I’ve deconstructed the issues with human psychological principles as well. To read about that, check out the below link
Home page section:
- During this research, users were lost after landing on the home account page which lacks in consistency of design, and prioritization of information. They didn’t anticipate the needs of an incoming user to add conspicuous elements to catch their attention instantly.
- The CTAs like ‘Edit Plan’ or ‘Change Line’ was given very less priority and no iconography is seen throughout the page to reinforce Bottom-up or top-down processing psychologies.
Choose a new plan page:
- When users come to choose a plan, the plan page architecture is nothing but a cognitive load for the users to go through. The plans were used not designed under the comparative table but are given radio buttons which when clicked show the plan’s details. ( This has been updated after Jan 2023).
- The Active plan is mentioned multiple times in the top section of the page with a CTA ‘Keep existing plan’ as the primary button. (Why would users come to this page to keep the existing plan?)
- The CTA to go to the next step is way down at the bottom of the page creating a lot of confusion and completely designed against the psychological principles of attention.
- This page doesn’t inform the user what it offers and what the user must be doing. Upon closer look, it has two dropdown sections that include additional services like international packages, port protection( not a good feature name), and more.
- The CTA again does not sound very user-friendly and it does not give any idea as to the user what the next step is going to be.
- In this penultimate step, users are asked to choose the order date which can be done in the previous step. With all these steps, this task seems to be long and winding. And again the CTA says Add to Cart.
- And only in the final stage of the process, the user can give out a sigh of relief as it is simple to select the payment option and proceed with payment.
During the process of usability testing and primary research, I found a lot more design inconsistencies within the website but overall all the flaws can be categorized as follows
AMBIGUOUS USER FLOWS: The task flows on this website do not follow any of the mental models of its users. Thus making the user journey convoluted and confusing for the users to complete the task in time.
INCONSISTENT UX WRITING: The website does not have a well-defined tone or voice for its writing. They are neither concise nor appropriate to give a sense of familiarity to the users. There is no synchronous feel to the website’s design and copy.
NEVER TO BE FOUND DESIGN HEURISTICS: The design didn’t have most of the heuristics that product designers hold dear which makes the website an epitome of bad user experience.
There were a lot of recommendations from the participants post their usability tests which made a lot of sense and were valid.
- The steps required for changing a plan could be reduced — it could be completed in just 2 screens.
- To keep all plans simple and informative on one page rather than going through multiple pages to choose the same plan or any addons.
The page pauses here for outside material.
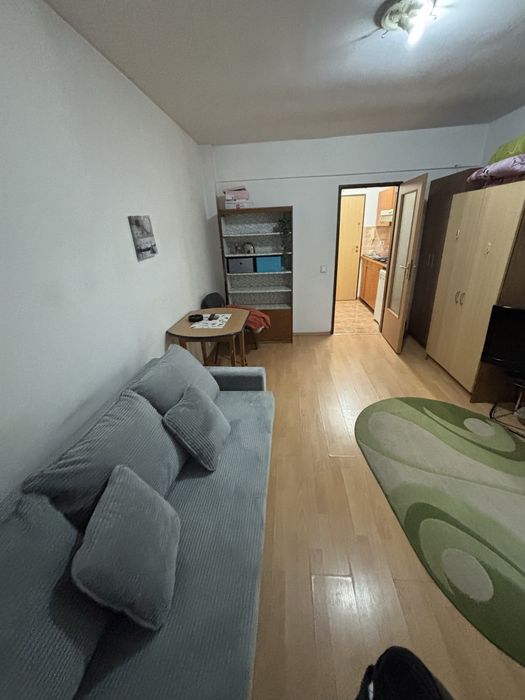 Inchiriez garsoniera teodor mihali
- Maybe having a landing page would be good as I was clicking on the T-mobile logo hoping to be taken to the homepage.
- Making it more usable. It is currently a little difficult to use.
- Reduce the number of steps.
One of the things I understood as I was conducting research for this project is that even with products that are well-known and popular, you can find gaps in the UX if you are really looking into the flows and the pain points of the users. Most of the time, we assume that it’s fine and move along but with enough sample space it becomes evident that these minor UX gaps can be a real challenge for many use cases.
During the course of this research, I got to do a lot of things for the first time, like:
- Conducting usability testing on Zoom.
- Getting to decode user behavior based on the recordings
- Creating user flows, scenarios, and tasks.
- Learning the psychology of human behavior behind the design decisions we take.